Abstract

Abstract Background and Aims It is well known that serum uric acid (SUA) plays an important role both in patients with and without chronic kidney disease (CKD). However, the effect of SUA on renal outcomes of CKD patients, especially with asymptomatic hyperuricemia, remains controversial. Therefore, our study explores the relationship between SUA and adverse events in early CKD (stage 1-3) patients in a real-world setting. Method This multi-center real-world study analyzed the data from Chinese Renal Data System (CRDS). Eligible CKD patients (eGFR) (estimated glomerular filtration rate≥30 mL/min/1.73 m2) were enrolled. The primary endpoint is the decline of renal function defined as at least 40% decrease in eGFR. The secondary endpoints include onset of composite cardiovascular events and all-cause mortality. A multivariable cox regression model were used and the associations between levels of mean SUA and all endpoints were evaluated on a continuous scale with restricted cubic spline (RCS) curves based on Cox proportional hazards models. Kaplan-Meier survival curves were used to illustrate the ability of SUA to predict the end points. Results 25,202 adults (mean [SD] age, 52.59 [17.90] years, 8,212 male [46.1%], 9,604 female [53.9%]) were included in this study.

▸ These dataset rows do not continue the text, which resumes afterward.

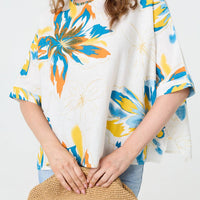 Floral 3/4 Sleeve Relaxed Boxy Blouse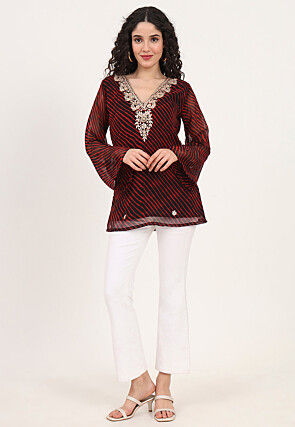 Leheriya Printed Georgette Kurti in Black and Red
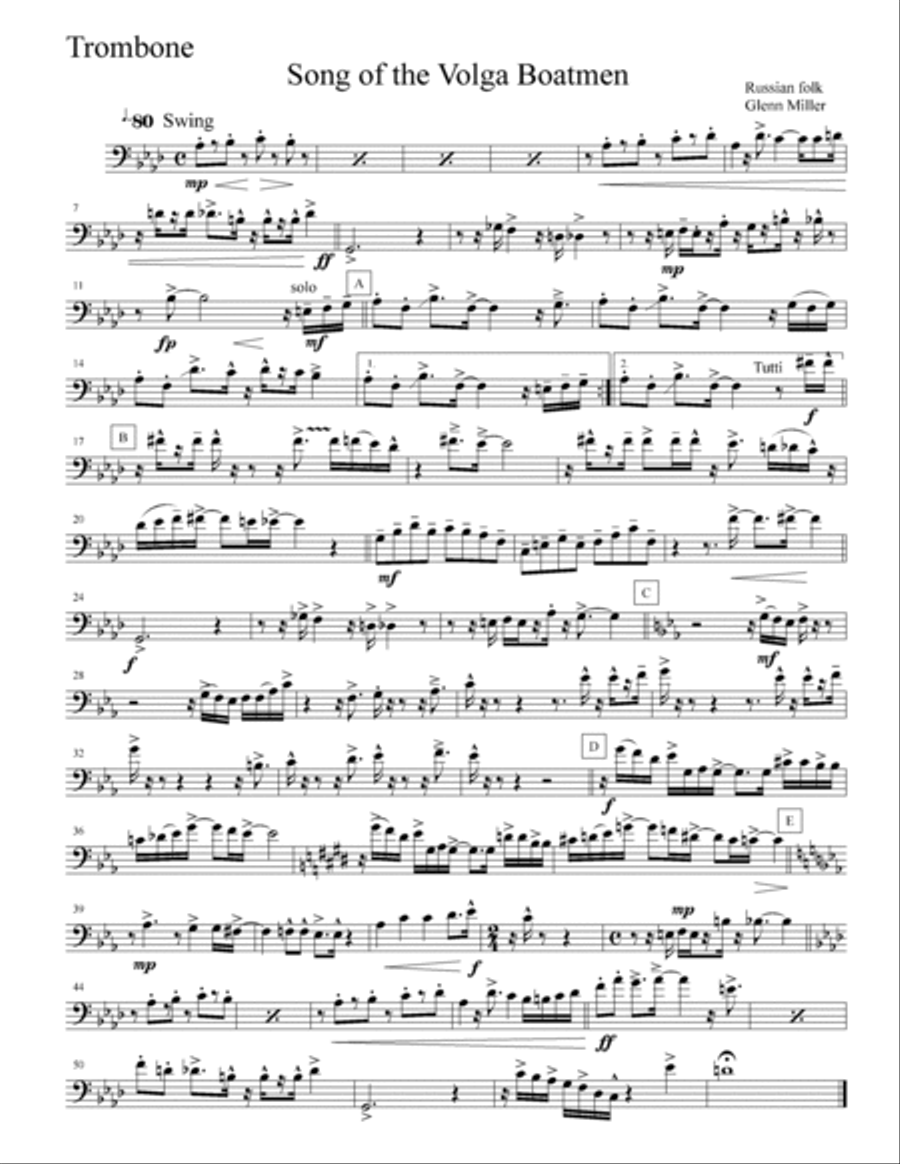Song of the Volga Boatmen Brass Quintet scores gallery preview page 2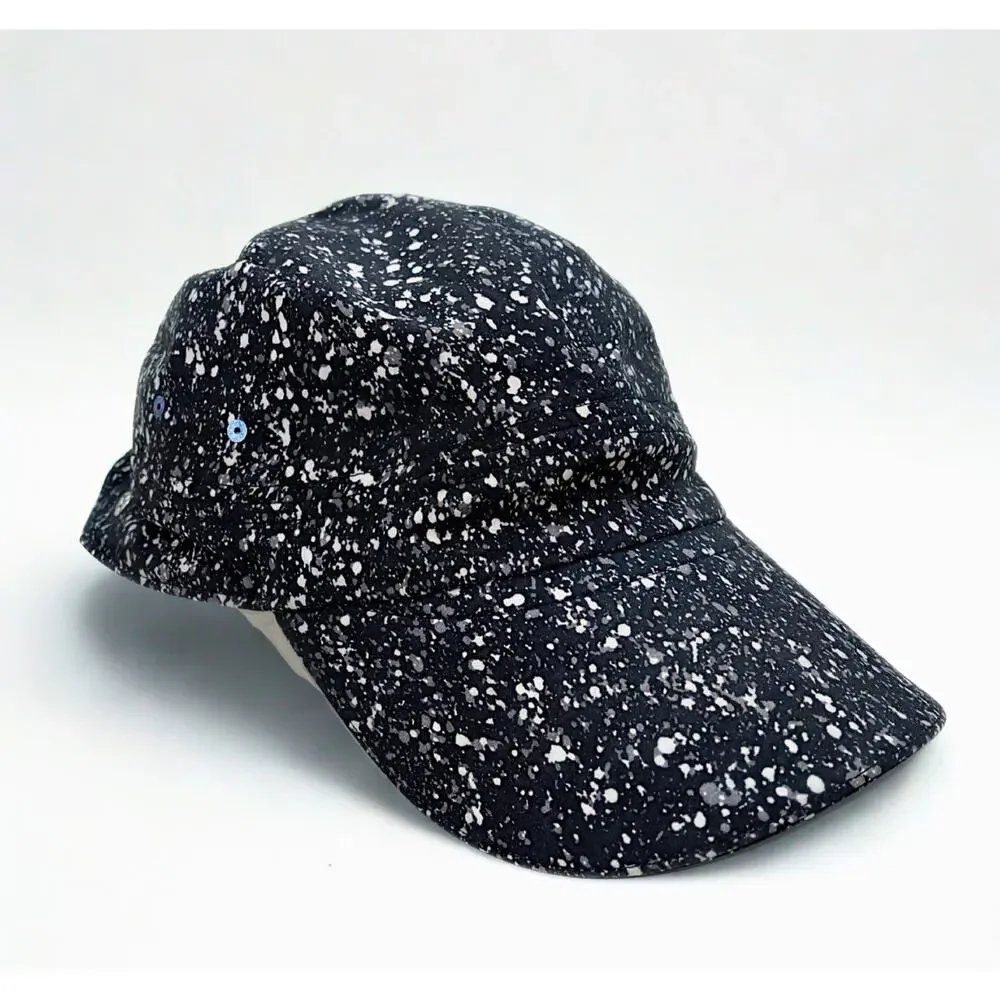 Lululemon Race To Place Run Hat 2.0 Black White Splatter EUC Adjustable - Picture 6 of 15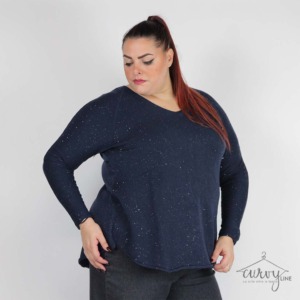 MAGLIA SCOLLO V STRASS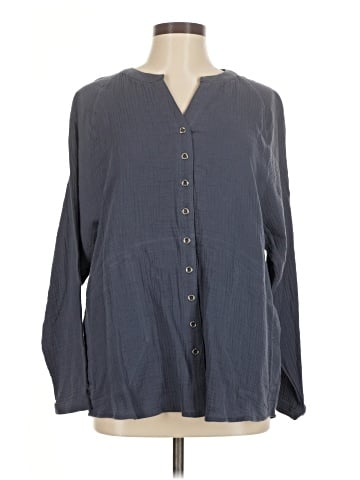 Cotton Bleu Long Sleeve Blouse (view 1)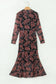 Black Retro Floral Print Long Sleeve Casual Mesh Dress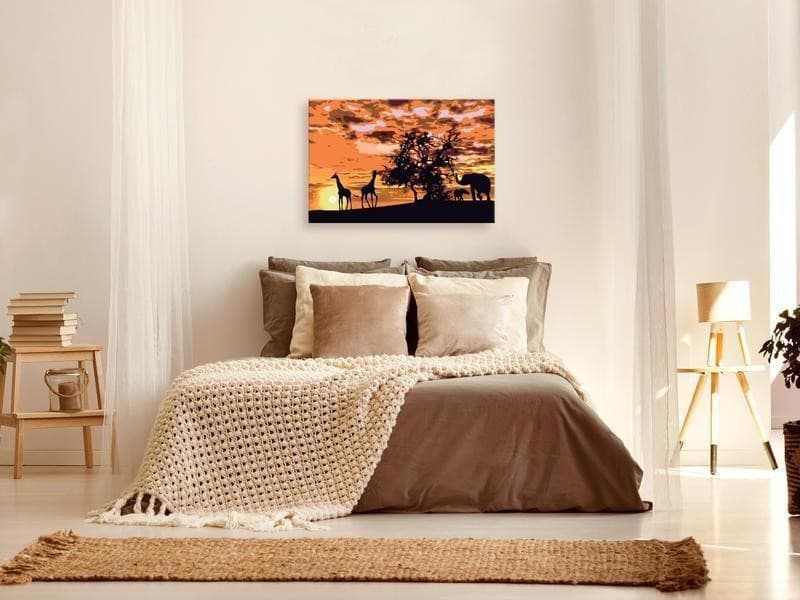Quadro fai da te Nel mezzo della savana (Giraffe & Elefanti) in Dipingere con i numeri Collezione Casa - Trebisacce, commercioVirtuoso.it
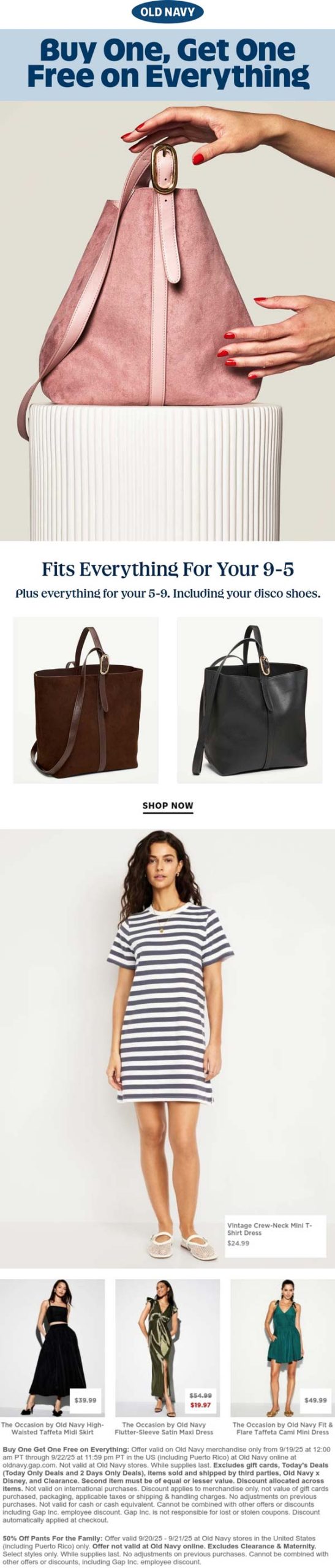 Second item free on everything online at Old Navy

During a median follow-up period of 2.61 years, 3,451 (15.9%) at least 40% decreased in eGFR. After adjustment for confounders, higher uric acid concentrations were independently associated with the higher risk for the decline of renal function [Per SD increment adjusted hazard ratio [aHR]: 1.41, 95%CI 1.36-1.47]; composite cardiovascular events [Per SD increment [aHR]: 1.04, 95%CI 1.01-1.07], all-cause mortality [Per SD increment [aHR]:1.32, 95%CI 1.14-1.54]. RCS curves showed that HRs for renal function progression, all-cause mortality and composite cardiovascular events increased significantly with the increase of SUA concentration in CKD patients. Results were consistent in stratified analyses. The KM curves suggested that patients with asymptomatic hyperuricemia had a substantially worse survival rate for renal function. Conclusion SUA is an independent risk factor for the decline of renal function, cardiovascular events and all-cause mortality in early CKD patients (stage 1-3). Treatment of asymptomatic hyperuricemia may be a potential avenue to improve outcomes in CKD patients.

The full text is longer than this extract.